Parking is booting scofflaws

Oct 8th, 2009 | By | Category: Campus News, Issue, October 8, 2009

Occasional parking permits now offered

Parking Services is offering two new programs aimed at helping occasional campus parkers and collecting outstanding fines.

On Oct. 1, Parking Services began applying wheel locks to the vehicles of individuals who have unpaid citations. The wheel locks – or “boots” – can be applied to any vehicle with any unpaid citation that is over 30 days old.

“We will impound by wheel lock only for unpaid citations,” said Dan Carpenter, director of Parking and Transit Services. “The application of the wheel lock is not determined by the number of unpaid citations. Any unpaid citation that is more than 30 days old will result in impoundment by wheel lock.”
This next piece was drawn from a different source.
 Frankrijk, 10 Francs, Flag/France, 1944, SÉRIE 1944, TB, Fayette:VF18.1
Parking is using a small wheel lock that does not cover the lug nuts of a car. Two boots will be placed on each vehicle with unpaid citations. The boots will be applied from 7 a.m. to 6 p.m. Monday through Thursday, and 7 a.m. to 4 p.m. on Fridays. A specialized, easy to remove information sticker will also be applied to booted vehicles.
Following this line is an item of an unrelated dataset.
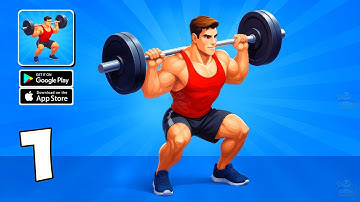 Gym Manager - Gameplay Walkthrough Part 1 (iOS, Android)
officer applying parking boot
A parking enforcement officer applies a boot during a test in September. Vehicles that have at least one citation that is more than 30-days may be booted by parking enforcement officers.

Vehicles that have been booted can be released by payment of the outstanding citation balance. An additional boot and release fee of $35 will be charged. Individuals can pay fines online at or at the Parking and Transit Services office, 625 Stadium Drive Parking Garage. Individuals must contact Parking and Transit Services at 472-1800 to have wheel locks removed after payment is made. Any vehicle that remains booted by 7:30 p.m. Monday through Thursday and 4:30 p.m. on Friday will be towed to the City of Lincoln impound yard at First and Charleston streets.
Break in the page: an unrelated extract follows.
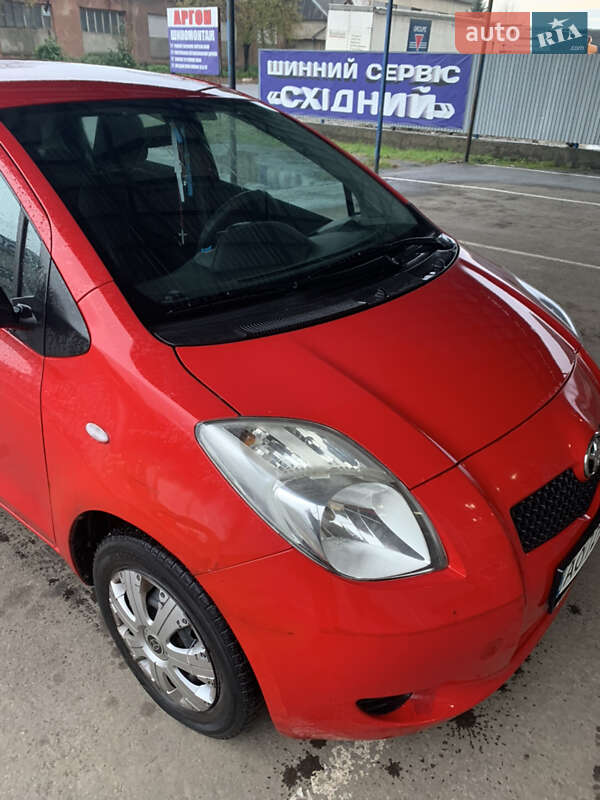 2006 toyota yaris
UNL’s use of the wheel locks does save money for individuals with unpaid citations.

“We are charging $35 for the boot and release fee,” Carpenter said. “Before we started using the boots, vehicles with unpaid citations are towed. The tow fee is $53.”

He said keeping the vehicles on campus instead of the Lincoln impound yard is also useful to parking users and acts as a deterrent for others that may consider breaking parking rules.

“If the vehicle remains on campus, individuals can get into their vehicle and retrieve the stuff they need to pay the fine,” said Carpenter. “It will also reduce the number of people who think their vehicle has been stolen when it was really towed for unpaid citations.”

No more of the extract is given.